I’ve called for better, more nuanced reporting of online speech issues by media so it was heartening to see journalistic capacity mentioned. How do you see that developing?
So, it’s important to acknowledge first that independent media and journalists around the world are under attack and struggling to survive due to plummeting ad revenue, the evisceration of local media, the emergence of news deserts, a crippling lack of sustainable financial models that can support journalism, and increased danger of harassment, detention, or death due to their work. Journalists and journalism are under attack, across the globe, and the first priority needs to be protecting independent media and the importance of a free press in any way that we can.
I do hope, however, that philanthropies and foreign assistance programming can move beyond this idea that “technology” or “digital” lives in one box and “media” lives in another. As we say in the report, that which happens offline will happen online. If you care about media, and the fourth estate’s capacity to report accurately, to support societies, and to hold power to account, then you have to care about how you’re empowering existing journalists and media outlets to connect the dots between existing or emerging technological trends and to reexamine their beats.
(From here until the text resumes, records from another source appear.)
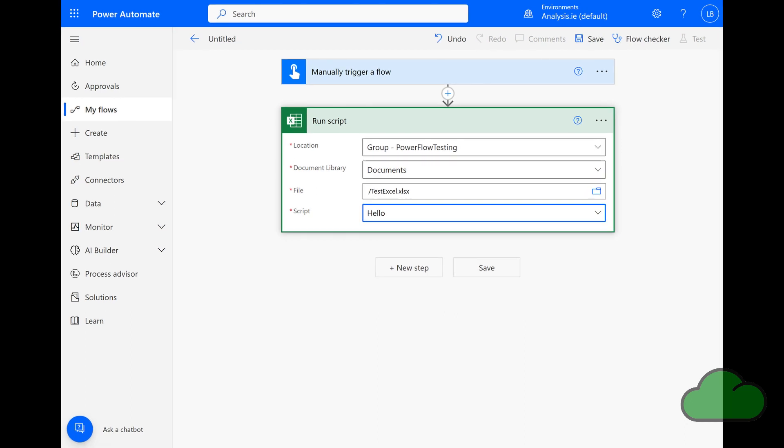When using Power Automate to manage your scripts, you can use these SharePoint-hosted scripts now too.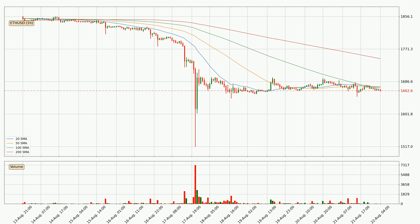Moving to the hourly simple moving averages, the current price is below all simple moving averages for this time interval, which looks bearish. It is worth watching if the closest SMA, the 20 SMA, will play as resistance or if the price will break it to the upside above the current price of around 16.70.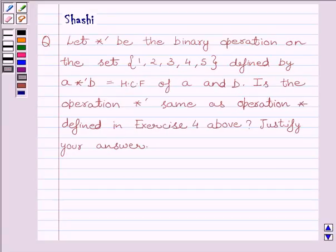Hi and welcome to the session. My name is Shashi. Let us do one question.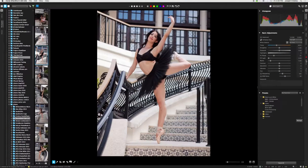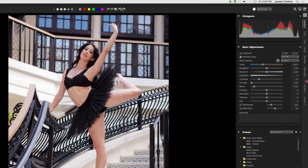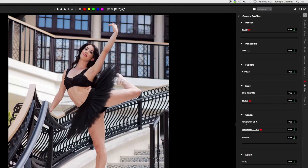Another thing I like about AfterShot 3 is that it has an internal method of updating camera profiles. If you look at the 'Get More' tab, you see camera profiles, plugin manager, and image presets. If you click on camera profiles, you can see a bunch of profiles I haven't installed yet. If you don't have a camera profile for a brand-new camera body — say in Lightroom — you can't use the raw files from that camera without going through a converter to DNGs, which is a big mess.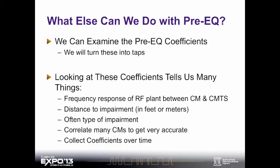But we can do better. We can analyze the equalization information in the cable modem and estimate — or analyze — what the frequency response is between the cable modem and the CMTS. And we can take it one step further: we can look at that frequency response, do some more digital signal processing, and determine what the distance is from the cable modem to the impairment. We can determine the type of impairment. And since we have many cable modems in our plant, if there's a common impairment between the cable modems and the CMTS, we can get a very accurate estimate of where the location of that impairment is. We collect these coefficients over time and can analyze the types of impairments that are happening and when they're happening — extremely powerful information.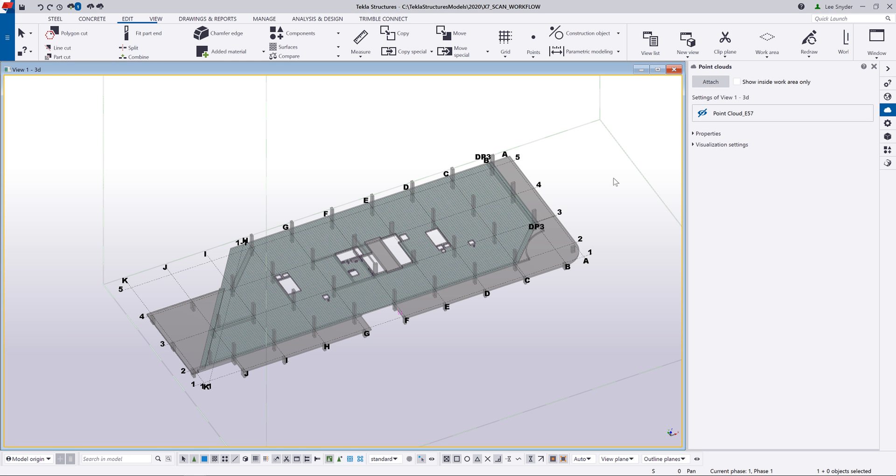Hello everybody and welcome to this presentation. My name is Lee Snyder, the product manager for the Steel Segment here at Trimble.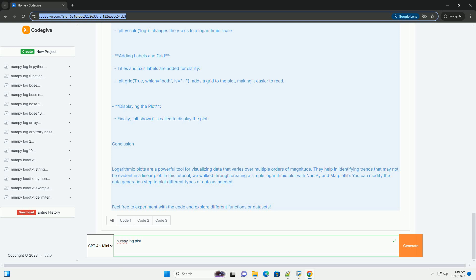In this tutorial, we walked through creating a simple logarithmic plot with NumPy and Matplotlib. You can modify the data generation step to plot different types of data as needed.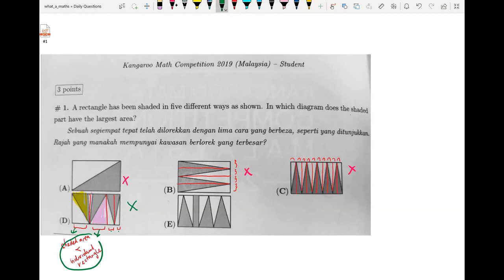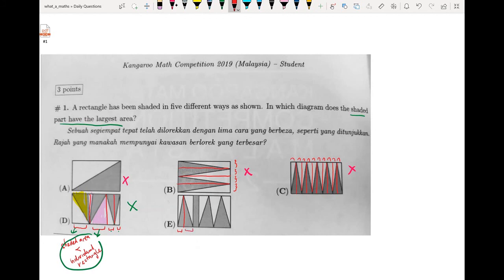Since the shaded area in D is less than half in some rectangles, I reject this answer. We are left with answer E. Separating E into individual rectangles, the shaded part is exactly half in most, and in one rectangle there is an extra shaded part. The same holds for the next three individual rectangles, so the correct answer is E.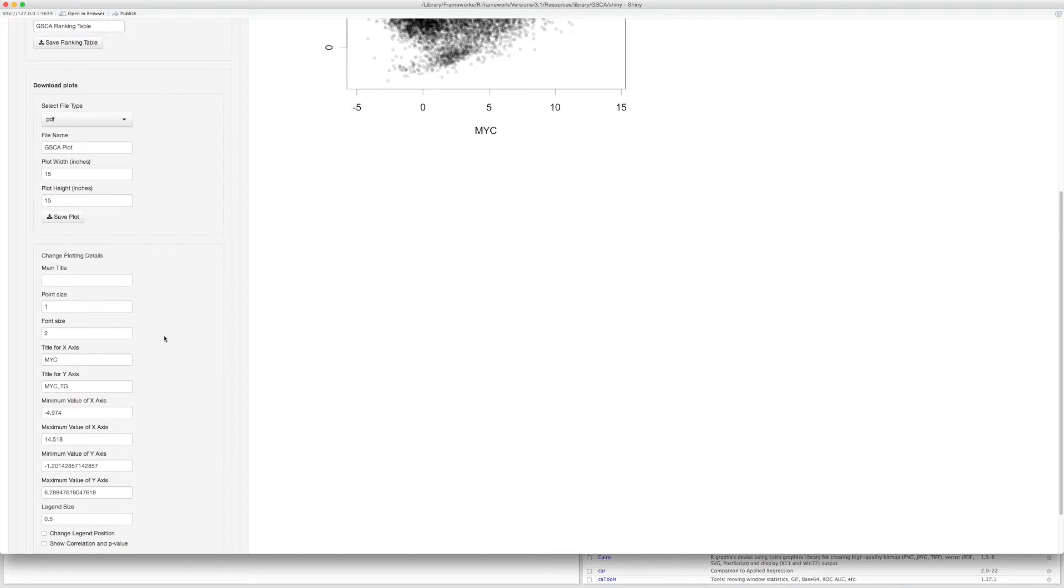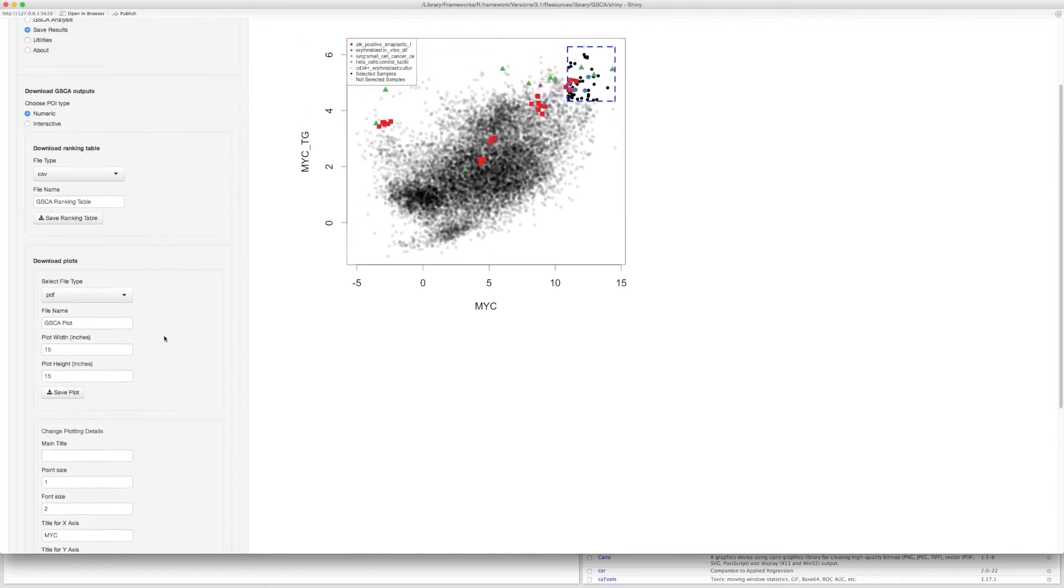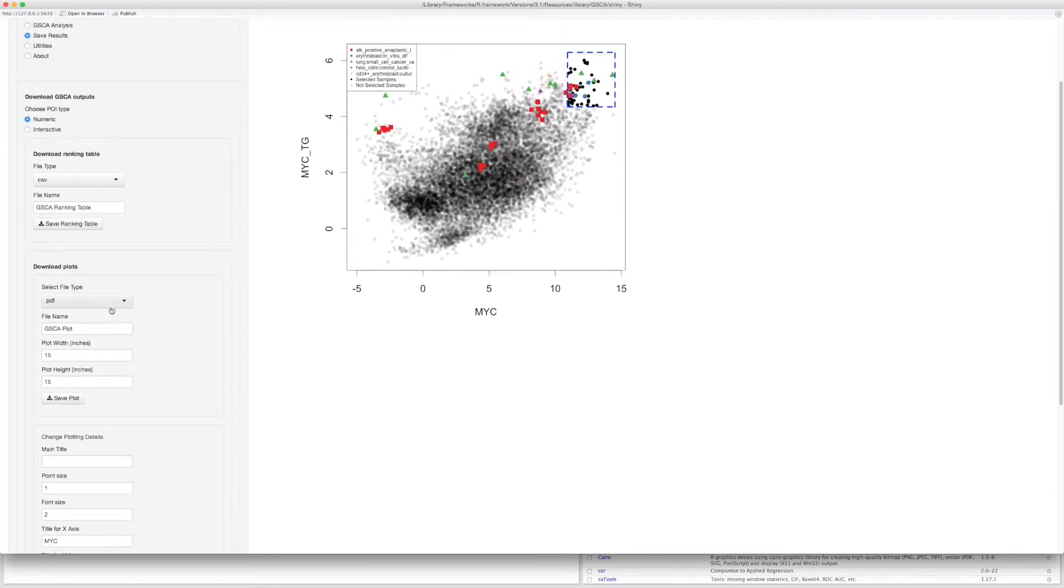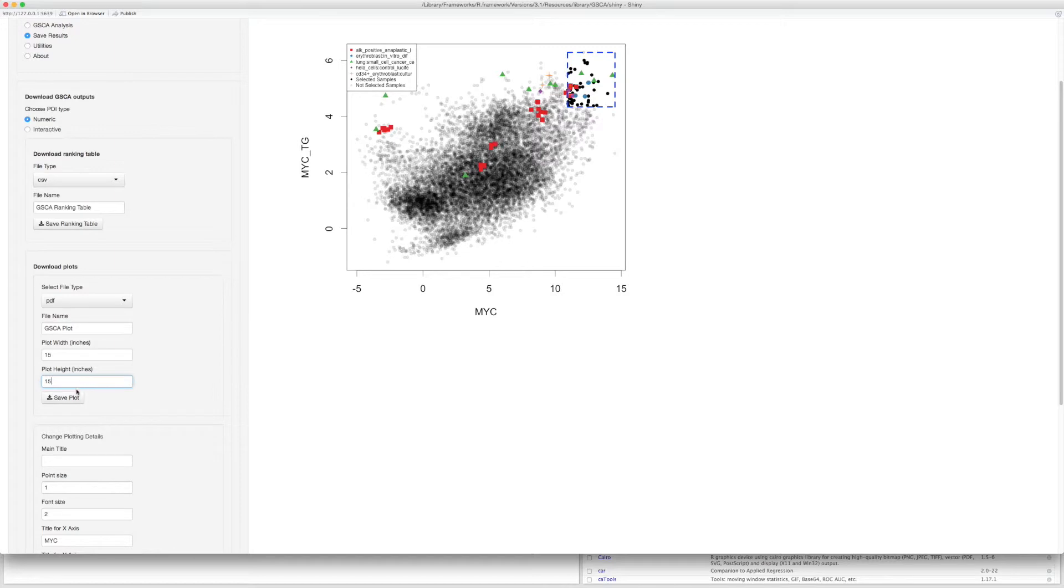For example, you can change the main title, change the size of the legend, and change the range of X and Y axis. You can save the plot in different file types. And you can also specify the width and height of the plot. Click Save Plot to save the plot.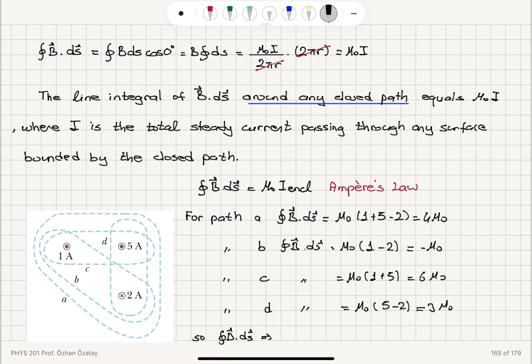The answer is greatest for path c (6μ₀), then path a (4μ₀), then path d (3μ₀), and then path b (−μ₀). That's how the line integral changes between the different paths a, b, c, and d.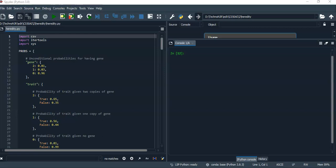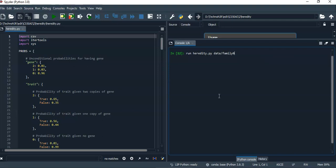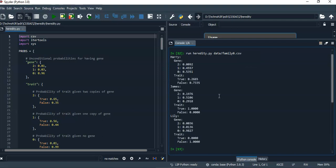Let's run the code and see the results. First, I will run with family 0, and these are the various probabilities. Then I'll run with family 1.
You also have to get intentional about mainstreaming tech and technological thought into journalism. If you care about tech, you need to be mainstreaming support for accurate, thoughtful, and independent reporting about tech into your broader efforts. I cannot emphasize enough that this effort needs to be global. There is a great collection of brilliant tech reporters out there, but they are too heavily based in the Global North. I would encourage media and tech funders (and companies) to back global efforts aimed at deepening the bench of journalists and researchers across the Global Majority (and within marginalized communities in the Global North) who can report on the local impacts of platforms specifically, and emerging technology more broadly.
The report ends by calling for seed funding or targeted programming from philanthropic organisations and governments. How much is needed and how urgent is that need?
The need is urgent, but unfortunately, I don’t think it’s as simple as saying we need X million dollars to do the necessary work. My hope is that this report helps philanthropic organizations and governments see how different pieces of the work they already support may be connected to some of the same questions and drivers, and how some new interventions could help unlock existing investments and catalyze greater impact.
For example, we recommend supporting the development of stronger academic centres for this work around the globe, as well as establishing hubs for Global Majority organizations and researchers in centres of regulatory power. Both of those investments would increase the impact of a wide range of existing work, and potentially allow disparate leaders and experts within a region to work more closely with each other.
We’ve said multiple times that we’re battling existing problems at new speed and scale. I think overwhelmingly, the key is to support existing, great work and to build off of it. But we need funding institutions that can operate with greater speed and scale as well if we’re going to meet this moment.